Vu I°) la procédure suivante :
Procédure contentieuse antérieure
La société anonyme Bouygues Télécom et la société par actions simplifiée Cellnex ont demandé au tribunal administratif de Montpellier d'annuler l'arrêté du 13 décembre 2019 par lequel le maire de la commune de Juvignac s'est opposé à la déclaration préalable de travaux en vue de l'implantation d'une station relais de téléphonie mobile sur un terrain situé au lieu-dit " Pioch Charmant ".
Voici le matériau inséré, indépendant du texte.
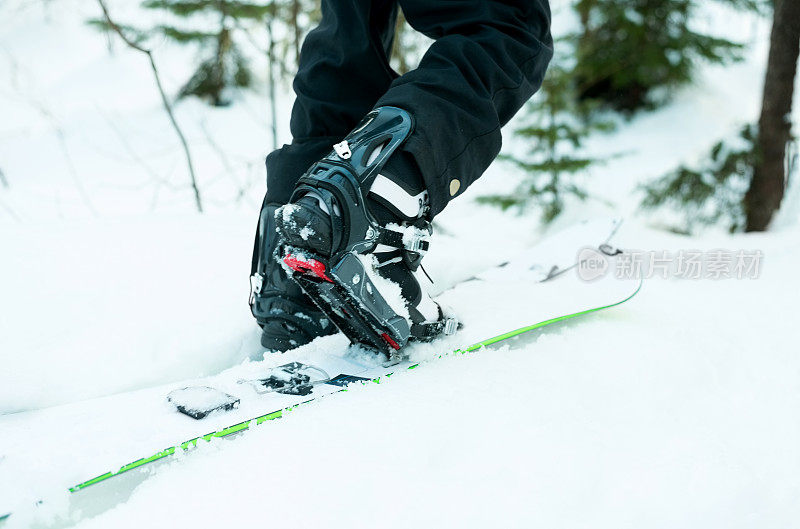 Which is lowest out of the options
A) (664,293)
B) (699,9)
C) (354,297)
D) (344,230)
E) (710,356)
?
(710,356)

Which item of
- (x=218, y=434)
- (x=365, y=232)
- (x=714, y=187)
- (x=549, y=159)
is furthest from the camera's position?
(x=549, y=159)

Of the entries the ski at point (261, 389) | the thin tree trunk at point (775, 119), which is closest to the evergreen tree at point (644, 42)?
the thin tree trunk at point (775, 119)

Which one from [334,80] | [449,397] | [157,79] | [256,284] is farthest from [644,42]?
[449,397]

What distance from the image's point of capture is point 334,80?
148cm

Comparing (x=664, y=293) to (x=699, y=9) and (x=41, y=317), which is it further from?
(x=699, y=9)

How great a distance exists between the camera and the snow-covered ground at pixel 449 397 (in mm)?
833

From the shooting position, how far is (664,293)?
70.2 inches

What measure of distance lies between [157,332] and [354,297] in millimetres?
629

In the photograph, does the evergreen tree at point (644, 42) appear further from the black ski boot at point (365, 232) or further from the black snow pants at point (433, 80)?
the black ski boot at point (365, 232)

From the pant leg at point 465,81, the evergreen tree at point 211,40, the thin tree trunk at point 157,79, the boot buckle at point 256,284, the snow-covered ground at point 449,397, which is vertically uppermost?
the evergreen tree at point 211,40

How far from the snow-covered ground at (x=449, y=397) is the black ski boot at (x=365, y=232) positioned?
0.15 m

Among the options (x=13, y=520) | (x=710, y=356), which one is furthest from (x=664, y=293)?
(x=13, y=520)

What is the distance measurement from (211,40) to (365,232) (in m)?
6.19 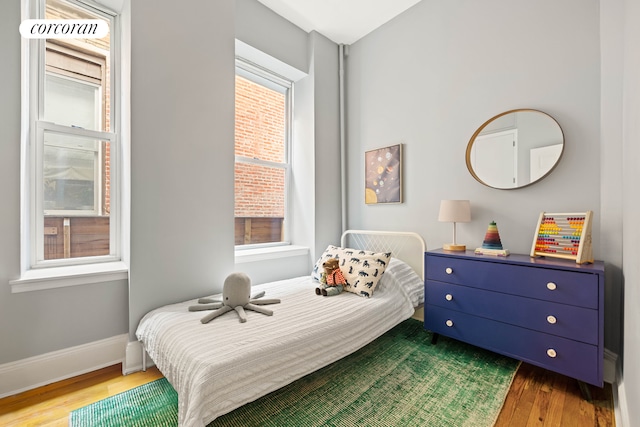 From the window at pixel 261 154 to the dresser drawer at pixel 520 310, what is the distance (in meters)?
1.81

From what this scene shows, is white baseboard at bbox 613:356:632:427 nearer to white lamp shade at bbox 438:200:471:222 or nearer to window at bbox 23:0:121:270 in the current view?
white lamp shade at bbox 438:200:471:222

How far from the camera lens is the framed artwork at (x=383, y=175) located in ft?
9.40

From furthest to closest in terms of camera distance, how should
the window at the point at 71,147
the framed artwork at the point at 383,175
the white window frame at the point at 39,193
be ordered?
the framed artwork at the point at 383,175
the window at the point at 71,147
the white window frame at the point at 39,193

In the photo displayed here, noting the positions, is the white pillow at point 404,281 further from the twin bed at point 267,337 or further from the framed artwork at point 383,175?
the framed artwork at point 383,175

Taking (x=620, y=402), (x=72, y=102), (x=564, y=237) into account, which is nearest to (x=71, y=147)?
(x=72, y=102)

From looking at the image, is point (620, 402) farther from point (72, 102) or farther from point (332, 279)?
point (72, 102)

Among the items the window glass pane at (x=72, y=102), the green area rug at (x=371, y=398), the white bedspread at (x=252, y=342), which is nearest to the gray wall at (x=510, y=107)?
the green area rug at (x=371, y=398)

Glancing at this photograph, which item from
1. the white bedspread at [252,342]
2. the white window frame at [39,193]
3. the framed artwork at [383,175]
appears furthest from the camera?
the framed artwork at [383,175]

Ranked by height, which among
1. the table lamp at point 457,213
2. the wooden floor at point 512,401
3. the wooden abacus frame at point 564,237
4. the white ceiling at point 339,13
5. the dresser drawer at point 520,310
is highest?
the white ceiling at point 339,13

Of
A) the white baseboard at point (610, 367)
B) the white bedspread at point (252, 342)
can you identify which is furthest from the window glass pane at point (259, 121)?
the white baseboard at point (610, 367)

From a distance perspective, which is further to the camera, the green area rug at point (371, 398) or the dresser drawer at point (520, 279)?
the dresser drawer at point (520, 279)

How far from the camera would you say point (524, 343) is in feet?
5.69

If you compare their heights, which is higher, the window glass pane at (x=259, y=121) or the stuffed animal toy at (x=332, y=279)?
the window glass pane at (x=259, y=121)

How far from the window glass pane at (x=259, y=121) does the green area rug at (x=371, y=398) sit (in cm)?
219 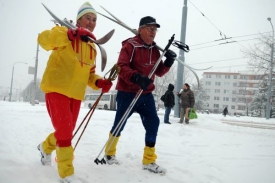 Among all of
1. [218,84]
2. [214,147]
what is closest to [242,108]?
[218,84]

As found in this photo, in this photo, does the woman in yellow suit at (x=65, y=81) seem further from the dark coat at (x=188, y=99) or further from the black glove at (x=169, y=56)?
the dark coat at (x=188, y=99)

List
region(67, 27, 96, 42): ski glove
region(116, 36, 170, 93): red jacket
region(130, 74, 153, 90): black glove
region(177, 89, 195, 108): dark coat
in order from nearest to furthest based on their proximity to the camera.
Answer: region(67, 27, 96, 42): ski glove
region(130, 74, 153, 90): black glove
region(116, 36, 170, 93): red jacket
region(177, 89, 195, 108): dark coat

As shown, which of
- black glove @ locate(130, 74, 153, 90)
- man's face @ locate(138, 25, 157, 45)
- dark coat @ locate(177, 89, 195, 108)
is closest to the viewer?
black glove @ locate(130, 74, 153, 90)

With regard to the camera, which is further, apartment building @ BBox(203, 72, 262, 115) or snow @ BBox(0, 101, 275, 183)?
apartment building @ BBox(203, 72, 262, 115)

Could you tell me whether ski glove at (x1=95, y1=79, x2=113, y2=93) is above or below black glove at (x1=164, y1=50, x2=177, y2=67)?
below

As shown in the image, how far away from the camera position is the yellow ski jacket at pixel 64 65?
235 centimetres

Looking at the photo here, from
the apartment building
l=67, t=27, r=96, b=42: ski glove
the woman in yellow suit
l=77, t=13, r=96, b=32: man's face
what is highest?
the apartment building

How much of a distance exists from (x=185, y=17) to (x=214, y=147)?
31.5 feet

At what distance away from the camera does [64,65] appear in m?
2.45

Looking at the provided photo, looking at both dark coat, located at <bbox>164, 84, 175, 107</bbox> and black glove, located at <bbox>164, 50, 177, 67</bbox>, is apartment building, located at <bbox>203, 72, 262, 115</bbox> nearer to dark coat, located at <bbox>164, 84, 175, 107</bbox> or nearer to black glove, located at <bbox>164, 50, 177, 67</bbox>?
dark coat, located at <bbox>164, 84, 175, 107</bbox>

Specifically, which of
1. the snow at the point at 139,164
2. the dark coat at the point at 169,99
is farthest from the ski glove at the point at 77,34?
the dark coat at the point at 169,99

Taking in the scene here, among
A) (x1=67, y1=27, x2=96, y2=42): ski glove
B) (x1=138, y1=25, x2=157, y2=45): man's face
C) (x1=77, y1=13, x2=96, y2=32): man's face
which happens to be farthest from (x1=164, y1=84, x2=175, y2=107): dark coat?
(x1=67, y1=27, x2=96, y2=42): ski glove

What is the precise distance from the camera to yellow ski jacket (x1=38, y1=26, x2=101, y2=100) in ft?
7.72

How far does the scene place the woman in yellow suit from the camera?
2.32 meters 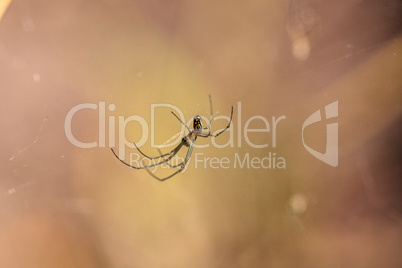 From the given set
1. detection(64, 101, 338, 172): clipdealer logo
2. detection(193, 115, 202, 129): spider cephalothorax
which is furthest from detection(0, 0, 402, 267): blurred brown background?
detection(193, 115, 202, 129): spider cephalothorax

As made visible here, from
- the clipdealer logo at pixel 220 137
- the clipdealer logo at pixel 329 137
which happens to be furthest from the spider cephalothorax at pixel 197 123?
the clipdealer logo at pixel 329 137

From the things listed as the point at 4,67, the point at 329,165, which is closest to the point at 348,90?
the point at 329,165

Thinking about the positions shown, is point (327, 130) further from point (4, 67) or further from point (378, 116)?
point (4, 67)

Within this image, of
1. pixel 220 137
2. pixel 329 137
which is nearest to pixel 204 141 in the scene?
pixel 220 137

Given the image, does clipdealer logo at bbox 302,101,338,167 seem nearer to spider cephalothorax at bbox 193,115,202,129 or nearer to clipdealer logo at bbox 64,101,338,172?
clipdealer logo at bbox 64,101,338,172

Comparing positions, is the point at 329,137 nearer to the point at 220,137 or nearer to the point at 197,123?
the point at 220,137

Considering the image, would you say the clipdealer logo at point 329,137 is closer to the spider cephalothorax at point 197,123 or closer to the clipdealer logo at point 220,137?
the clipdealer logo at point 220,137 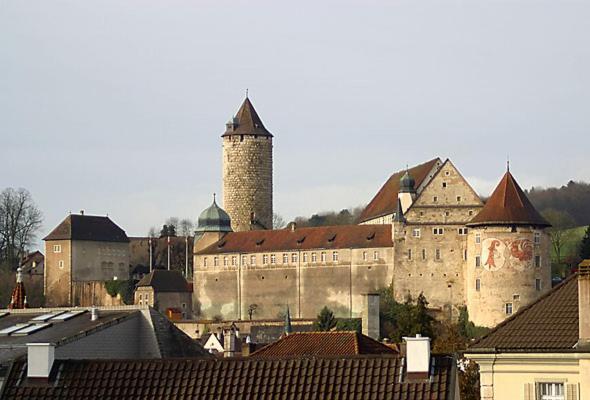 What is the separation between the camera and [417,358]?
20000mm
Par jugement n° 2000573 du 26 novembre 2020, le tribunal administratif de Montpellier a annulé cet arrêté et a enjoint au maire de Juvignac de réexaminer la demande et de prendre une nouvelle décision dans un délai d'un mois.
Procédure devant la cour
Par une requête enregistrée le 25 janvier 2021 sous le n° 21MA00389 au greffe de la cour administrative d'appel de Marseille puis sous le n° 21TL00389 au greffe de la cour administrative d'appel de Toulouse, et un mémoire enregistré le 30 avril 2021, la commune de Juvignac, représentée par Me Pilone, demande à la cour :
1°) d'annuler ce jugement ;
2°) de rejeter la demande des sociétés Bouygues Télécom et Cellnex ;
3°) de mettre à leur charge une somme de 3 500 euros au titre de l'article L. 761-1 du code de justice administrative.
Elle soutient que :
- la demande de première instance était irrecevable pour défaut d'intérêt à agir ;
- le projet méconnaît l'article R. 111-27 du code de l'urbanisme en portant atteinte à l'intérêt du paysage environnant et des sites proches ;
- il y a lieu au besoin de substituer à ce motif celui tiré de la méconnaissance de l'article A 6 du plan local d'urbanisme imposant un recul de 100 mètres par rapport à l'axe de la route nationale 109 ;
- ou de substituer le motif tiré de la méconnaissance de l'article A 10 du plan local d'urbanisme prévoyant que la hauteur des constructions ne peut excéder celle des constructions existantes situées sur la même propriété ;
- ou de substituer le motif tiré de la méconnaissance de l'article 13 des dispositions générales du plan local d'urbanisme prévoyant l'obligation d'implanter un arbre par tranche de quatre places de parking.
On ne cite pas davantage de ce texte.